An 8-year-old boy was brought with the complaints of decreased urine output, generalized edema and fever since one week. He had no history of similar episodes in the past or history suggestive of chronic kidney disease in the family. There was no history of diarrhea, sore throat, rash or hematuria preceding this illness. Examination revealed anasarca, periorbital puffiness and pallor. Patient did not have rash, joint involvement or purpura. Blood pressure was normal. He had abdominal distension due to ascites. Liver was tender and palpable 4 cm below the subcostal margin with a span of 10 cm.
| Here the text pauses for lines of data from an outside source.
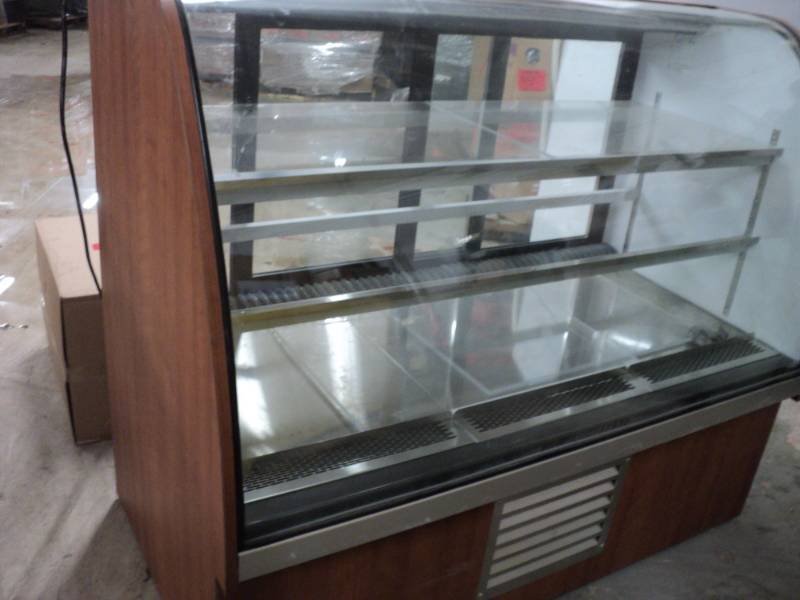 lot 8 image: Refrigerated Electric Glass Display...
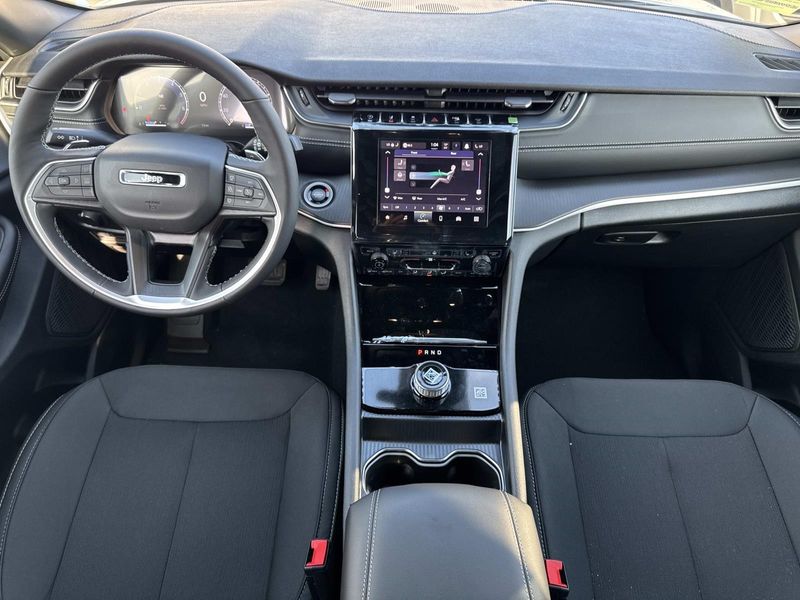 New 2026 Jeep Grand Cherokee L Laredo X 4x2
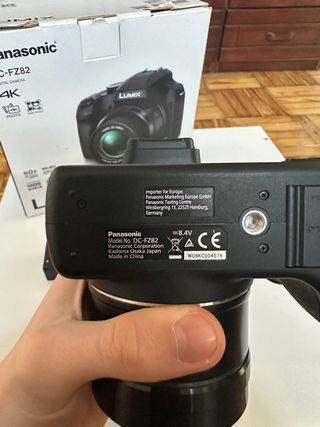 Cámara Panasonic Lumix DC-FZ82 Negra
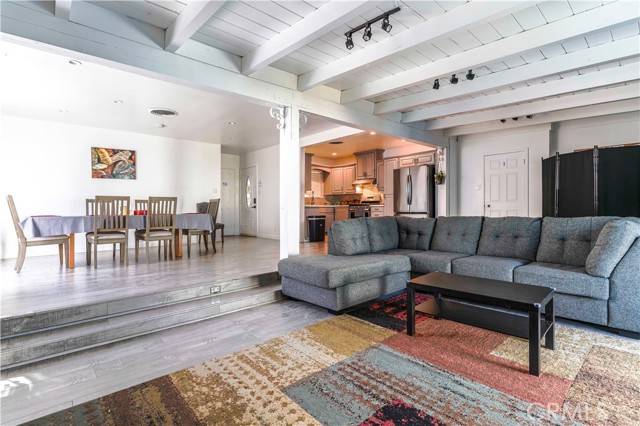 North Hollywood, CA 91605,8034 Van Noord Avenue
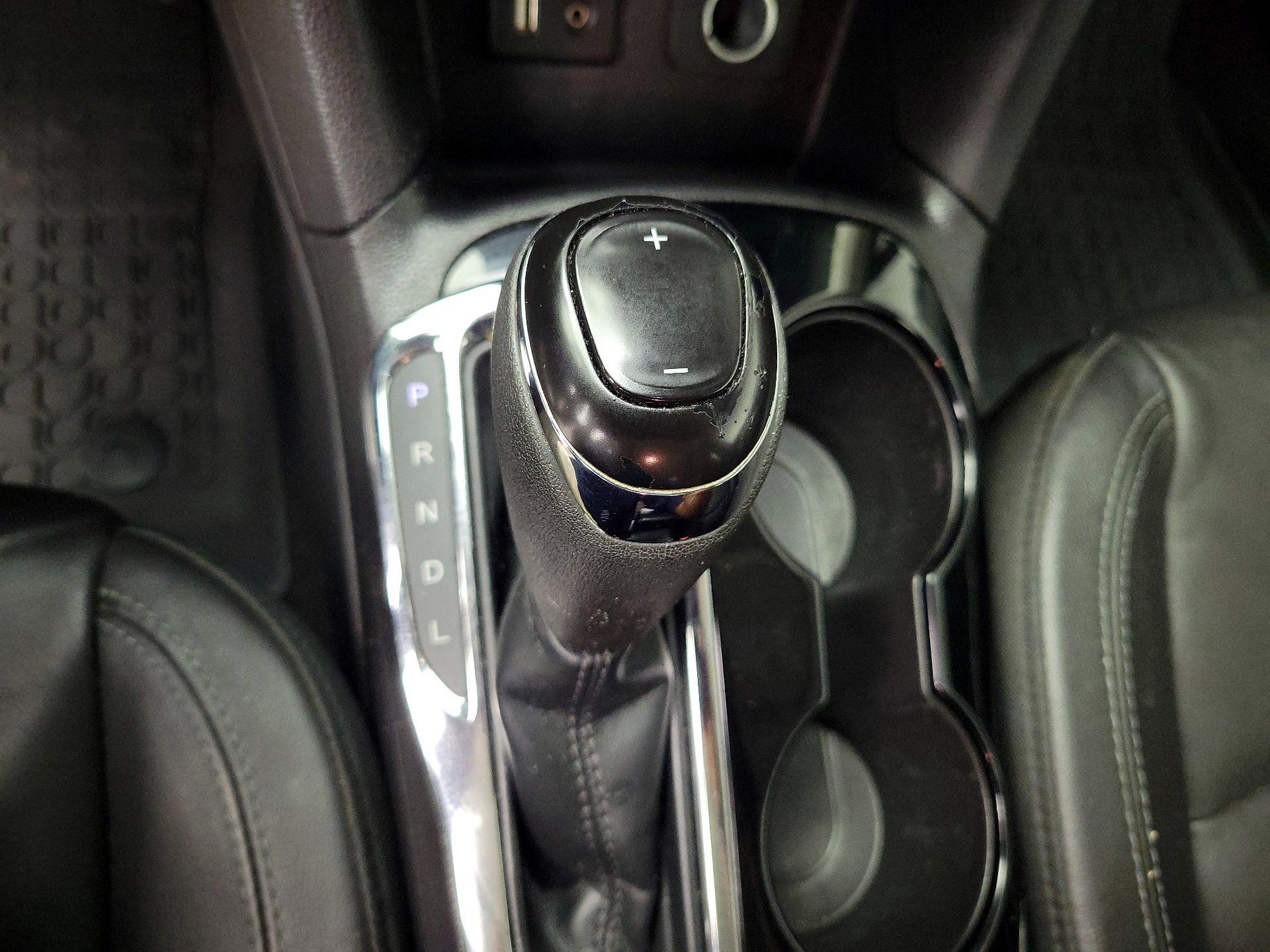 Thumbnail: 2017 Chevrolet Cruze - 17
Spleen was not palpable.

The patient was treated with oral prednisolone at a dose of 2 mg/kg/day and fresh frozen plasma for the first few days followed by alternate day transfusions to which patient responded well. These were then tapered and stopped when the activity of HUS decreased. During the course of prednisolone therapy, blood pressure increased requiring multiple agents. Urine albumin reduced, but 5 months later showed significant albuminuria. Therapy with mycophenolate mofetil resulted in decrease in proteinuria.

Two months later, he was admitted with fever, vomiting, diarrhea and abdominal pain and 4+ proteinuria. He rapidly developed septicemia with hypotension and multiorgan failure, and died after four days of intensive care and ventilator support.
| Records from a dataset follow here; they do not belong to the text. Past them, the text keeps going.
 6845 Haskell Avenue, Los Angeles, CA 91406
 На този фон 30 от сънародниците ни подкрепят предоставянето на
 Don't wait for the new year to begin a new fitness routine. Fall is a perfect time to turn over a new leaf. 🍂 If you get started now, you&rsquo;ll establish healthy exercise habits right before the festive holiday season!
HUS with MPGN has been widely studied and reported in the past [1,3]. The earliest reports just mention it as a chance association or as HUS secondary to MPGN whereas, recent reports implicate the role of factor H which is an important component of the alternate complement pathway in both HUS as well as MPGN [1,2]. Ten percent of HUS patients are due to atypical form which is distinct and different from the typical HUS. The atypical form of HUS has a poor prognosis and terminal renal insufficiency occurs in over 50% with death rates close to 25% [3].

Our patient had a clinical presentation of aHUS on admission and his renal biopsy was suggestive of MPGN type I. There was no evidence of HUS on the biopsy findings, yet the patient responded well to plasma infusions. The co-existence of HUS with MPGN can be explained on the basis of factor H deficiency.

Treatment options include control of hypertension, plasma infusions or plasmapheresis and use of steroids, which will help in control of MPGN as well as a HUS. Eculizimab has also been used in the treatment of refractory MPGN [8] and has been found useful in patients where mycophenolate mofetil does not result in a satisfactory response.

Competing interests: None stated; Funding: None.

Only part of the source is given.